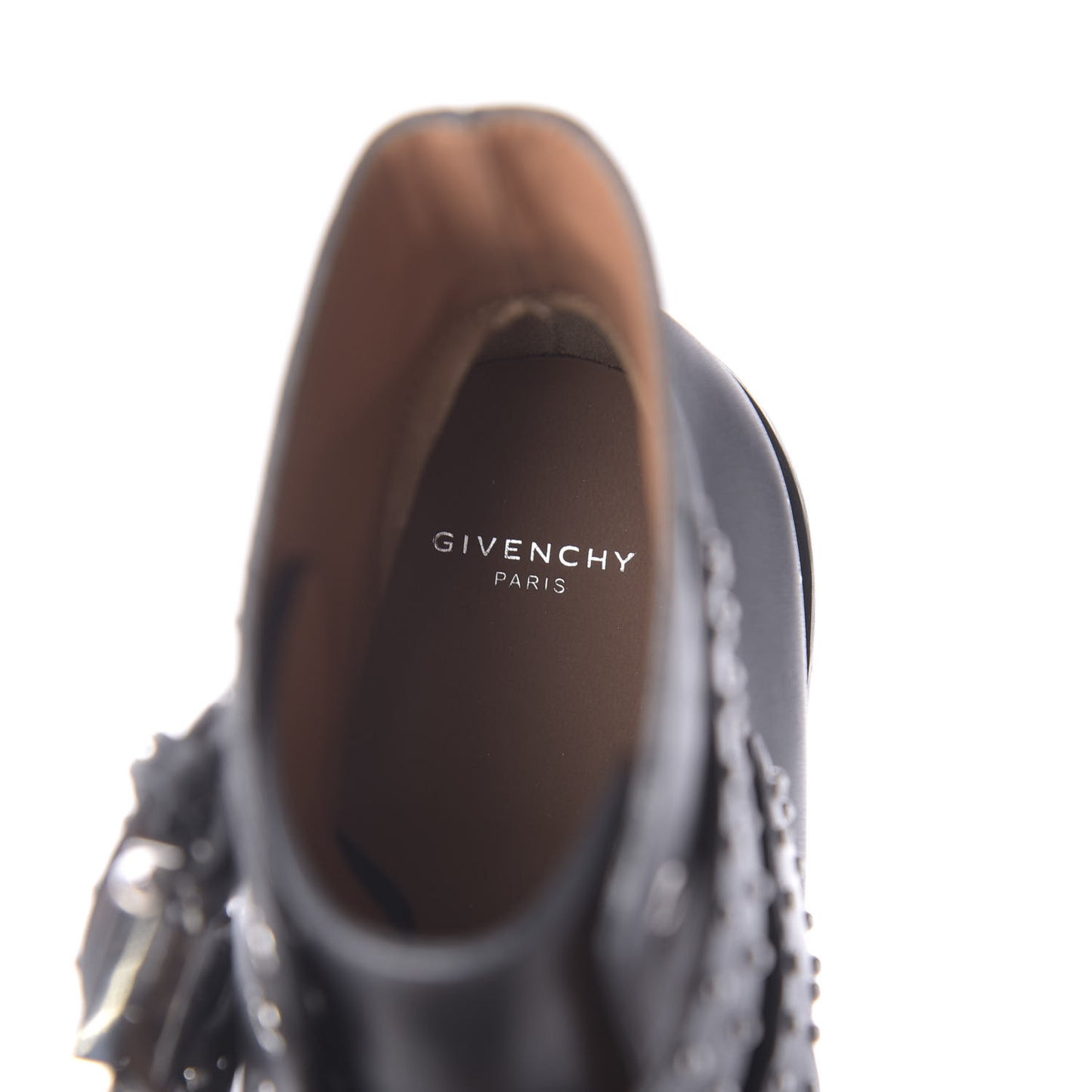 Calfskin Studded Prue Buckle Bootie 39.5 Black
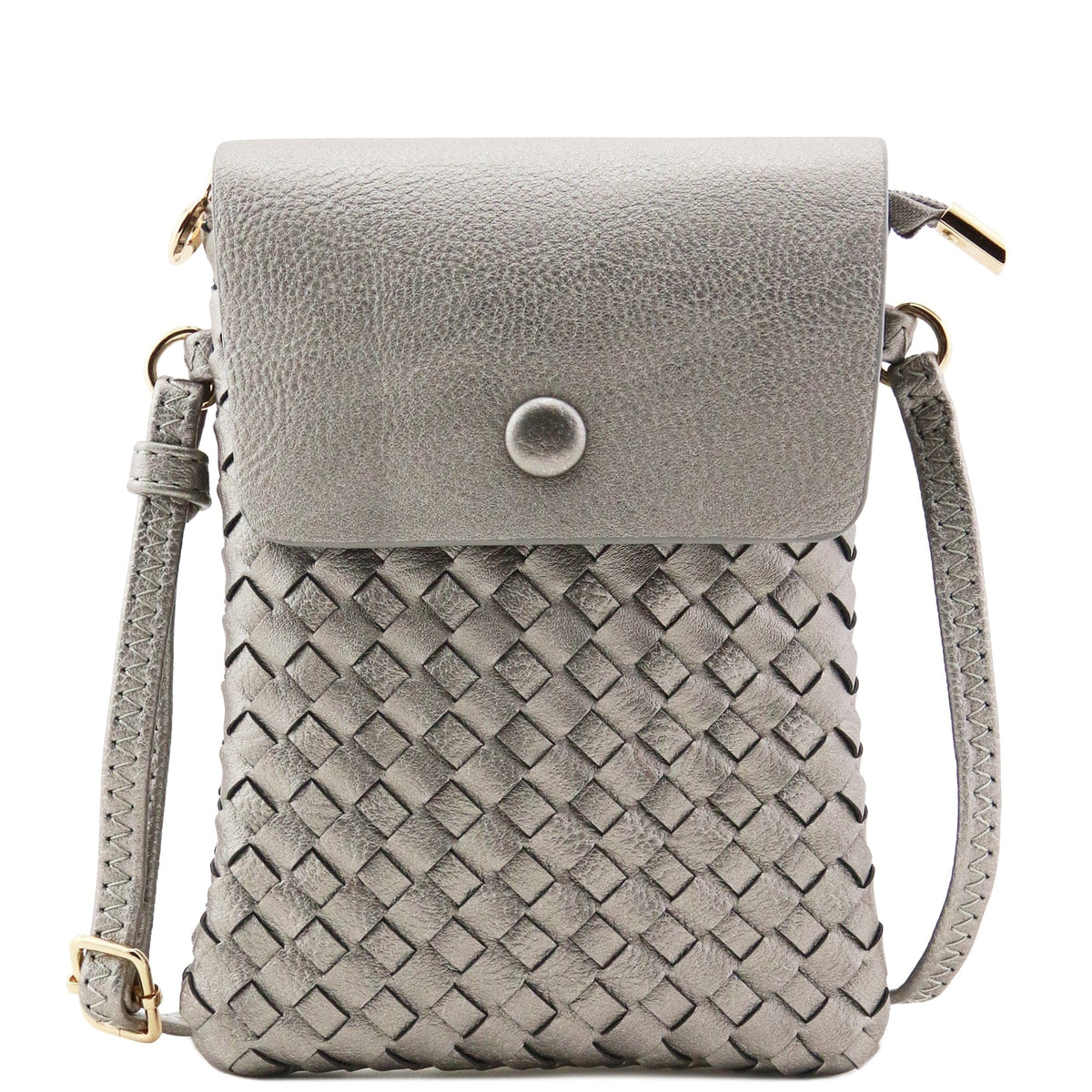 WU115 Wanda Woven Flapover Crossbody Bag Cell Phone Purse - MiMi Wholesale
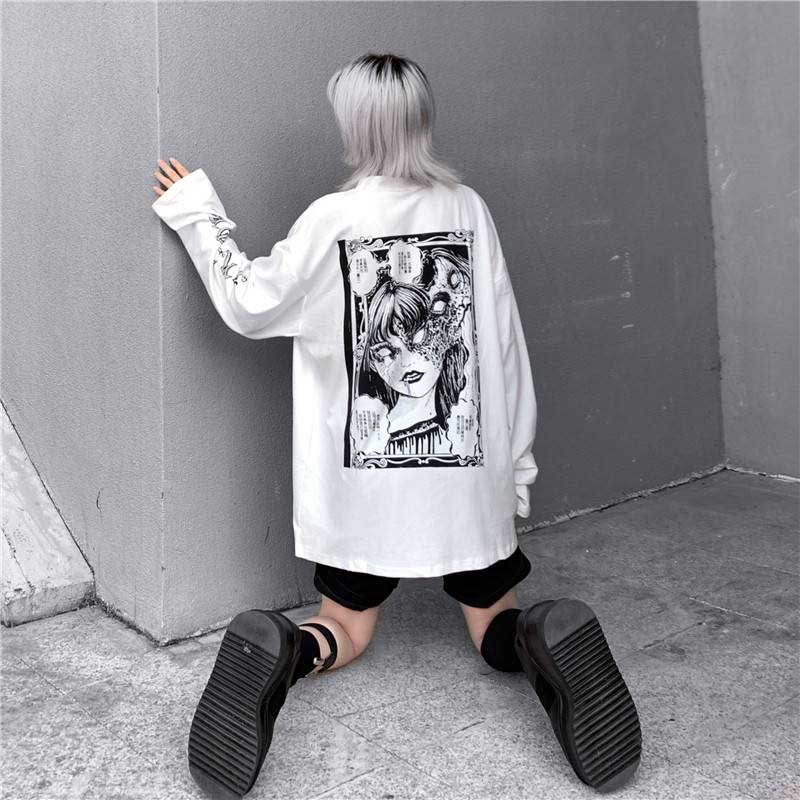 NiceMix Cartoon Horror Graphic T-shirt Women Character Print Loose Punk Japanese T Shirts Pullover Top Harajuku Street Tees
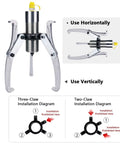 Shop Standard Hydraulic Gear Puller Kit With Split Cylinder Design 50 Ton Capacity Three Jaw Manual Pump Tool for Wheels Hubs Pulleys showing usage diagrams.
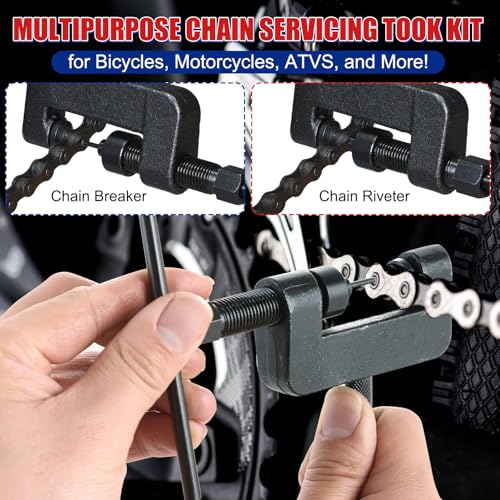 NYXOVA 20pc Chain Breaker Tool Kit with C Frame 3 Anvils 5 Break Tips, Motorcycle Chain Breaker Set, Chain Removal Tool, Chain Cutter and Riveter with Case for ATV, Bicycle, Cam and 25 to 630 Chains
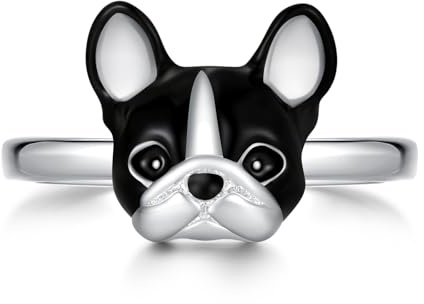 JZCOLOR Ring mit französischer Bulldogge für Damen: Kupferring mit Hundemotiv, stilvolle Geschenkidee, Eltern, Liebhaber, Tierschmuck, Geschenk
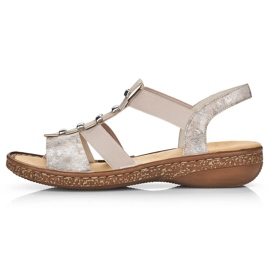 Comfortable women's slip-on sandals Rieker 62850-90 beige 2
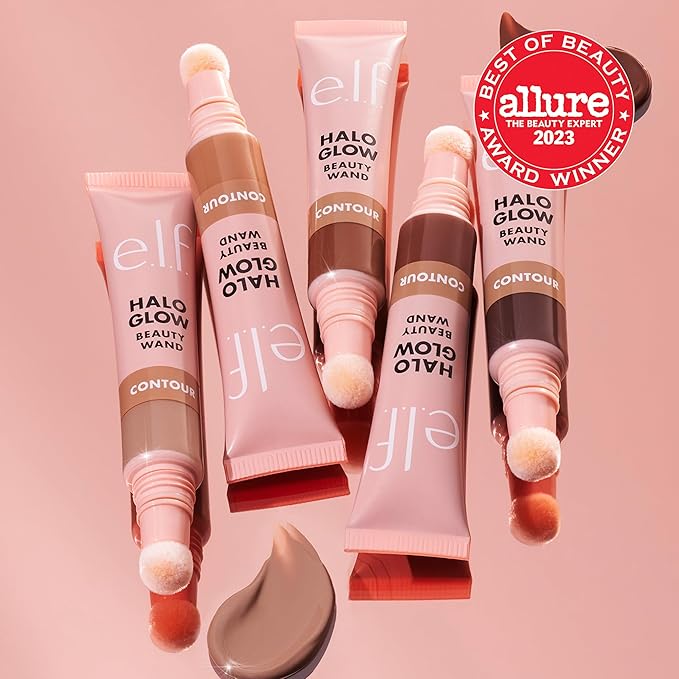 e.l.f. Halo Glow Contour Beauty Wand, Liquid Contour Wand For A Naturally Sculpted Look, Buildable Formula, Vegan & Cruelty-free, Tan/Deep-BrightBean Baby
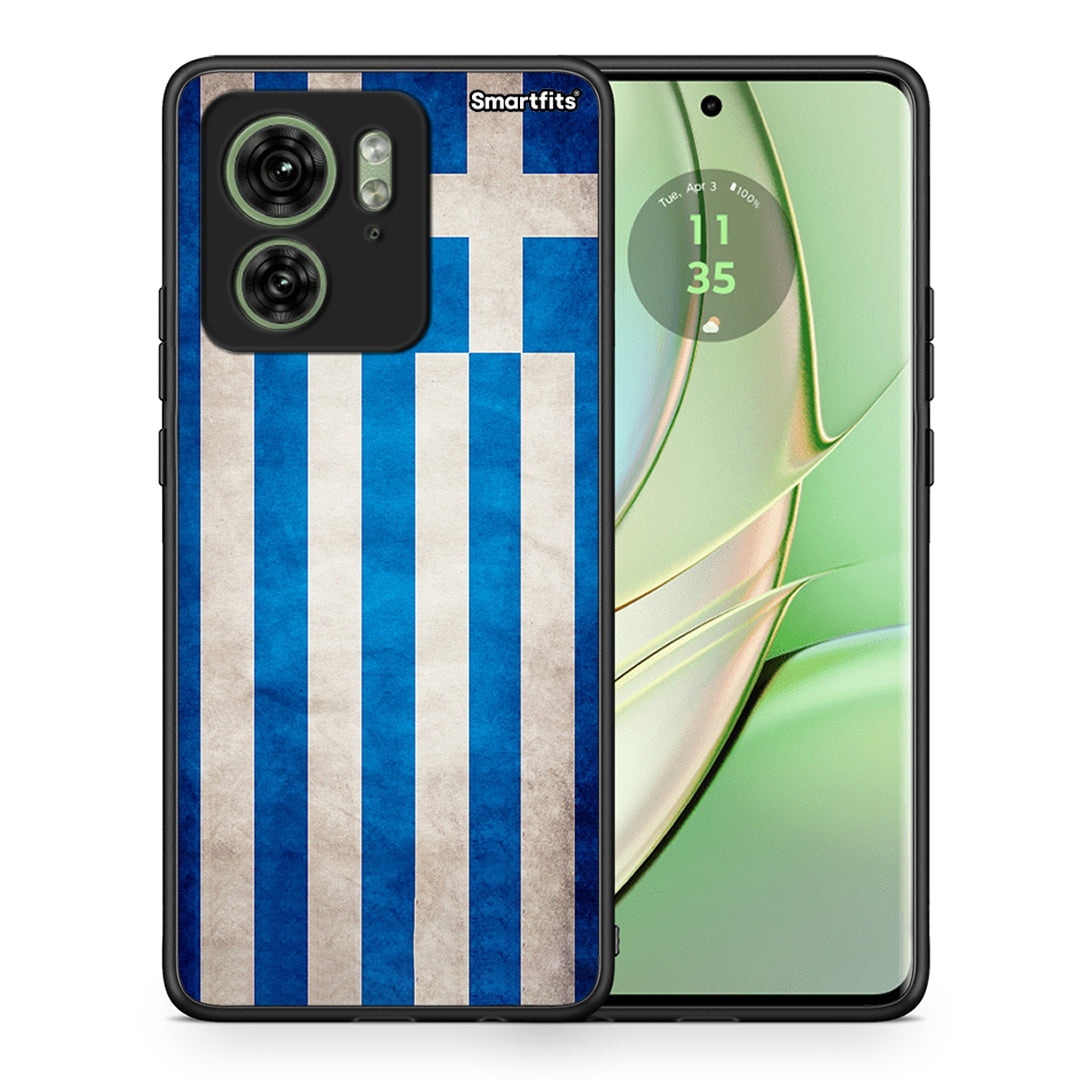 Θήκη Motorola Edge 40 5G Greek Flag από τη Smartfits με σχέδιο στο πίσω μέρος και μαύρο περίβλημα | Motorola Edge 40 5G Greek Flag case with colorful back and black bezels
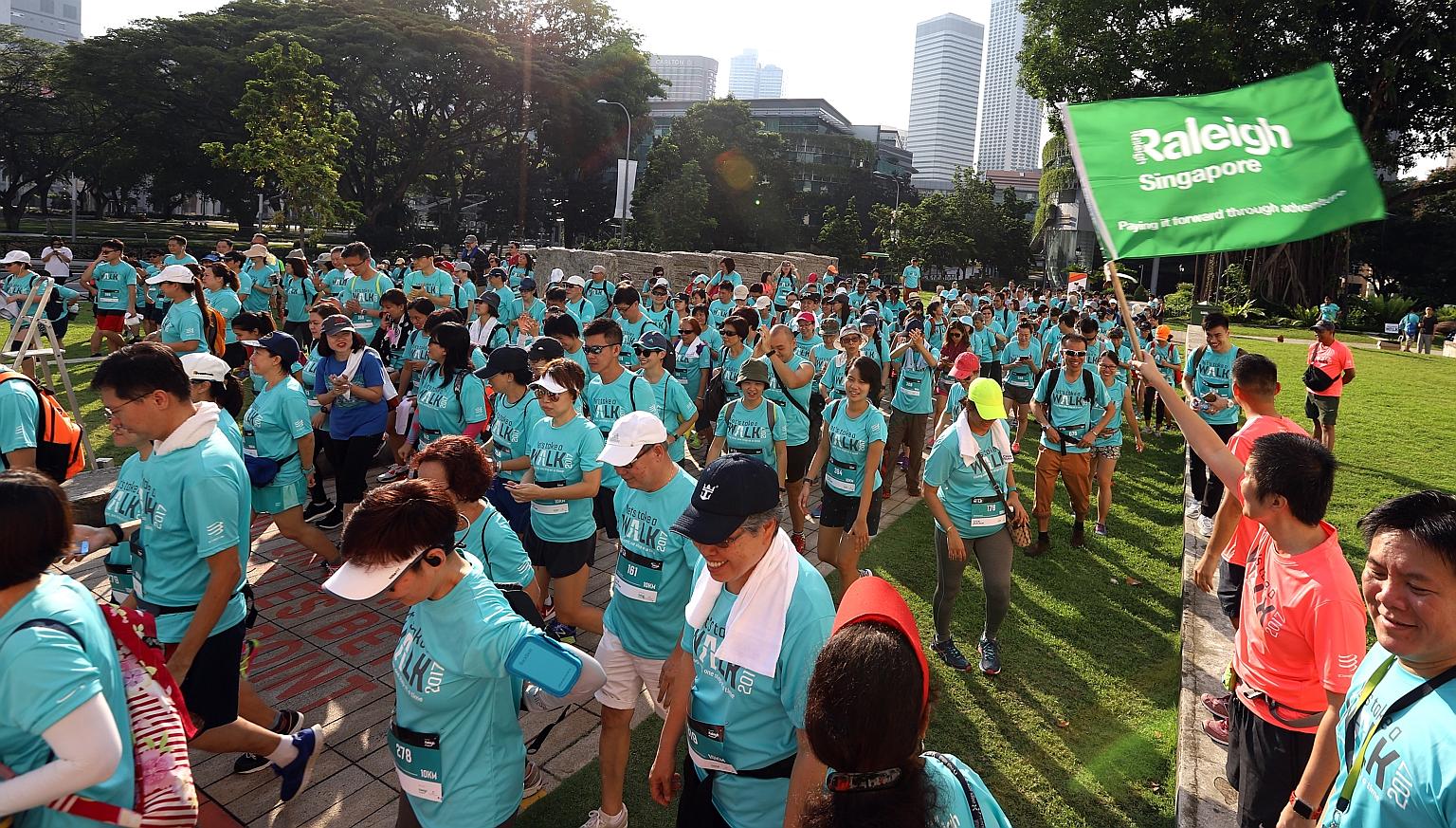 Participants at the biennial Let's Take A Walk event in 2017. For this year's edition coming up in November, organiser Raleigh Singapore is hoping to raise $150,000 through registration fees and pledges.
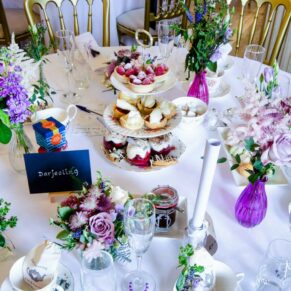 Colourful table centre for the meal being served in the Dining Room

§ Instructions to follow:
Could you write out verbatim only those lines that run from the line containing "JZCOLOR Ring mit" through the end of the listing above, both included, without the pictures?

§ Expected answer:
 JZCOLOR Ring mit französischer Bulldogge für Damen: Kupferring mit Hundemotiv, stilvolle Geschenkidee, Eltern, Liebhaber, Tierschmuck, Geschenk
 Comfortable women's slip-on sandals Rieker 62850-90 beige 2
 e.l.f. Halo Glow Contour Beauty Wand, Liquid Contour Wand For A Naturally Sculpted Look, Buildable Formula, Vegan & Cruelty-free, Tan/Deep-BrightBean Baby
 Θήκη Motorola Edge 40 5G Greek Flag από τη Smartfits με σχέδιο στο πίσω μέρος και μαύρο περίβλημα | Motorola Edge 40 5G Greek Flag case with colorful back and black bezels
 Participants at the biennial Let's Take A Walk event in 2017. For this year's edition coming up in November, organiser Raleigh Singapore is hoping to raise $150,000 through registration fees and pledges.
 Colourful table centre for the meal being served in the Dining Room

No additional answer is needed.